The Biotechnology Industry Organization criticized the bill for not granting brand-name drug manufacturers 14 years of market exclusivity. BIO President Jim Greenwood said, "We continue to believe ... that 14 years of exclusivity is the needed period required to strike the right balance between providing incentives for innovation and follow-on product entry," adding, "We look forward to working with members of Congress as the bill moves forward to address this need" (Carey, CQ HealthBeat, 6/27).
Kennedy said he would like to include the measure in conference negotiations with the House on legislation that would overhaul FDA.
However, House Democratic leaders and some committee members would have to agree to the proposal, and Kennedy "did not give any assurances Wednesday that they would do so," according to CQ Today (CQ Today, 6/27).
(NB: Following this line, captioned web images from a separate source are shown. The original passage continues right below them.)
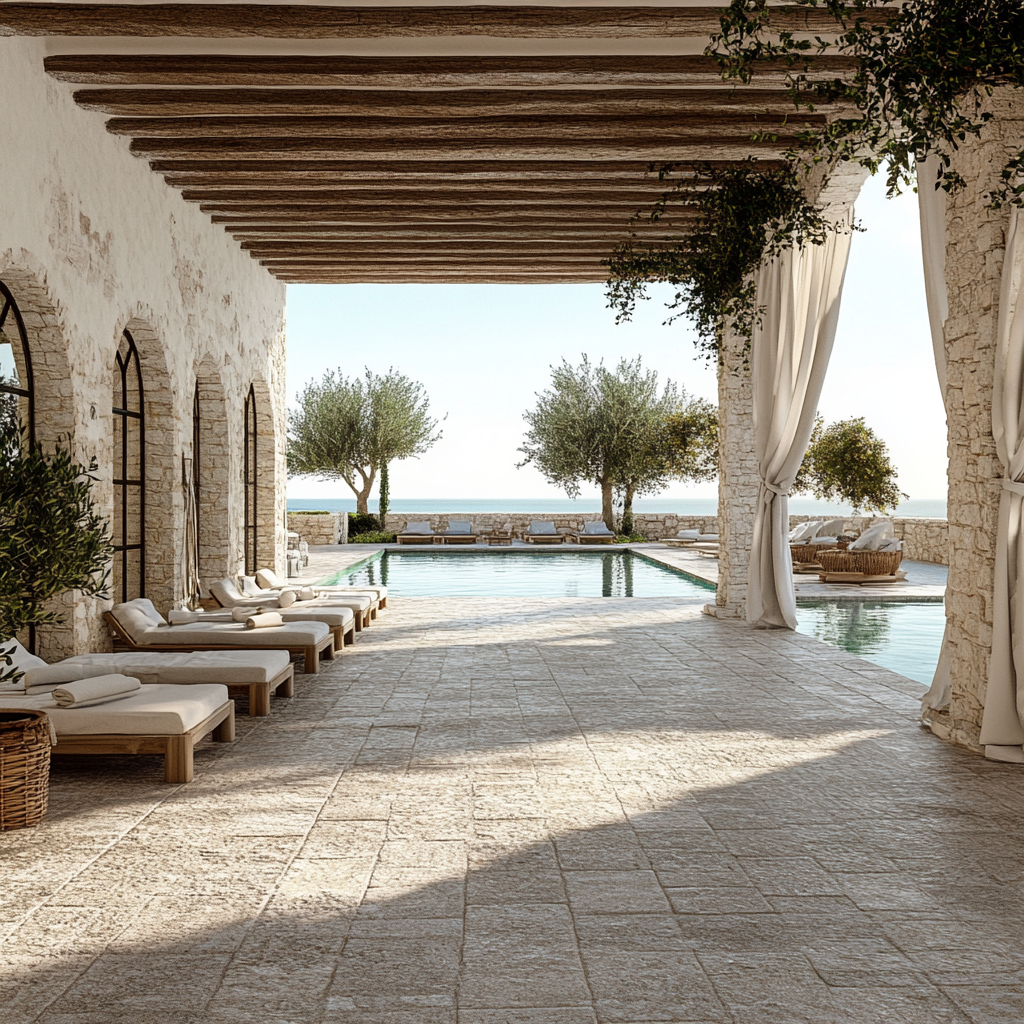 Sicilian masseria patio with swimming pool, olive trees, porch.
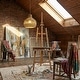 preview thumbnail 3 of 8, Homa Rattan Coastal Boho 12" Gold Dome Pendant Light - 12" Wide
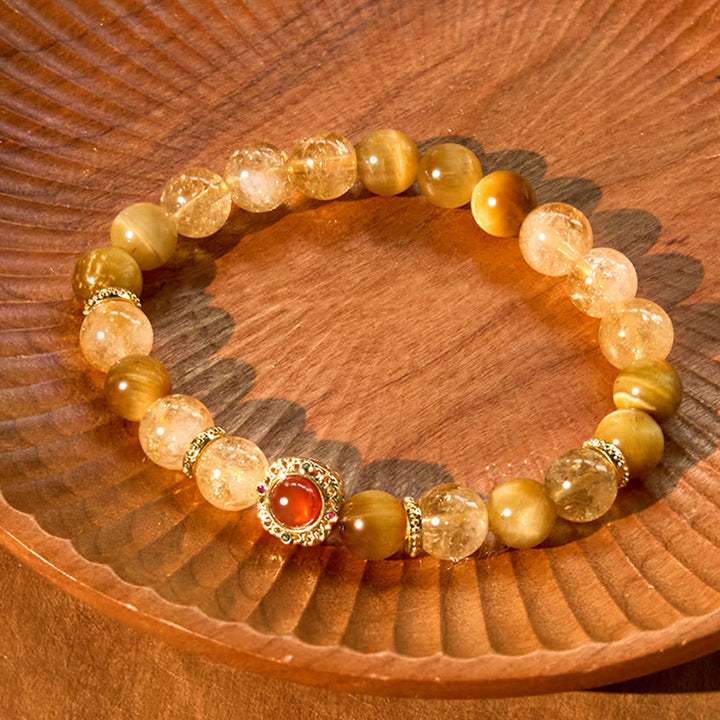 Pulsera de generosidad con citrino, ojo de tigre y ágata roja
House Energy and Commerce Health Subcommittee Chair Frank Pallone (D-N.J.) supports adding the generic biotech drug legislation to the FDA bill and noted that the Senate left a placeholder in its version of the FDA legislation to insert the language once it had been agreed upon.
However, the "Senate's move has caused confusion in the House, which can reserve a point of order claiming the move violates a rule," according to CongressDaily (Edney, CongressDaily, 6/28). If House Democratic leaders do not agree with the Senate's version of the legislation and decide to hold a round of hearings and mark ups, the proposal "could likely be left out" of conference negotiations, CQ Today reports (CQ Today, 6/27).
House Energy and Commerce Committee Chair John Dingell (D-Mich.) said that he is not sure if the House will be ready to discuss generic biotech drugs by the time conference negotiations begin, which is expected to occur in July (CongressDaily, 6/28).
Sen. Orrin Hatch (R-Utah) described the bill as a "classic compromise," in which neither side is completely happy. Hatch said, "If the generics endorse it, it brings a lot of angst to the pioneer companies. If the pioneers endorse it, then the generics think, 'Well, is this good?' I think they're just using good discretion" (CQ Today, 6/27).
Senate HELP Committee ranking member Mike Enzi (R-Wyo.) said the legislation "captures a delicate balance between access and innovation while maintaining the highest standards of safety."
Kennedy said the bill will "save American families and the American government billions of dollars by allowing follow-on and interchangeable (biologic) products to the market at reduced prices."
Sen. Hillary Rodham Clinton (D-N.Y.) said, "There are drugs right now that, once we pass this bill, will be on the way to generic versions that will be much more affordable to many people" (Newark Star-Ledger, 6/28).